The recent Best Western Investment conference, for example, showed the independent hotel sector to be in good heart, determined to expand and develop in what is generally considered to be a difficult sector in which to operate. And a quick glance at the entries for the 2010 Hotel Excellence Awards 2010 – the winners will be announced in the New Year – emphasises the fact that action taken to solve a problem has typically led to higher occupancies, higher yields, and higher profits even in these difficult times.
All this during the deepest recession in a generation.
True, insolvencies are up but they are still relatively small compared with the number of establishments in the industry. True, funding is difficult to obtain to expand and refurbish – but there are over 40,000 new rooms either being built or in the final planning stage. The next few months will be a testing time for many as we enter the traditionally poor trading period of January and February. But the industry has shown huge resilience in 2009 and has survived more or less intact through its own skill and efforts.
Yet there’s no doubt that trading will remain difficult. No-one knows whether consumer spending will pick up in 2010. Will the low value of the sterling encourage yet more Britons to stay at home; will it discourage more Britons from travelling abroad?
There are just too many unknowns for accurate prediction but what is certain is that costs are continuing to rise – and almost all have been caused by government decisions and regulations.

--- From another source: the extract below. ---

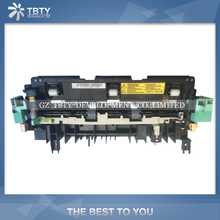 Printer Heating Unit Fuser Assy For Xerox 3500 3600 Fuser Assembly On Sale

The level of VAT is about to increase back to 17.5 per cent in January - who knows what level it might reach after the new government takes office?
National Insurance rates are due to increase in 2011. The National Minimum Wage rises inexorably every year – dragging other wage rates up in its wake; as a result all payroll costs are constantly forced upwards by government pressure. Business Rates are rising significantly next year. There are plans for four weeks paternity leave from birth for fathers; only the recession prevented the current nine months maternity leave turning into 12 months. There is every prospect that energy and utility costs will continue to increase in the next 12 months – and thereafter.
It is inconceivable that the government does not recognise that all these costs represent an additional burden on businesses that are still fighting a recession. The hospitality industry – and hotels in particular – may have come through it so far in reasonably good shape but only by cutting costs to the bone, reducing jobs and offering special deals to boost demand (but at much reduced margins).
But now the government is piling on yet more cost seemingly unaware of the recession which has already forced operators to sacrifice jobs and endanger investment.
Businesses can take only so much punishment. Through their own foresight, quick action and skilled management, good managers are surviving the recession, but they already operate lean ships in terms of staff numbers and cost.
Now, these new government measures are about to impose yet more new burdens on those operators who have so far survived the downturn through their own talent and ingenuity. Can this continue? Without government understanding – and a moratorium on more regulations that just add cost for seemingly little benefit - the next 12 months could be more critical than 2009.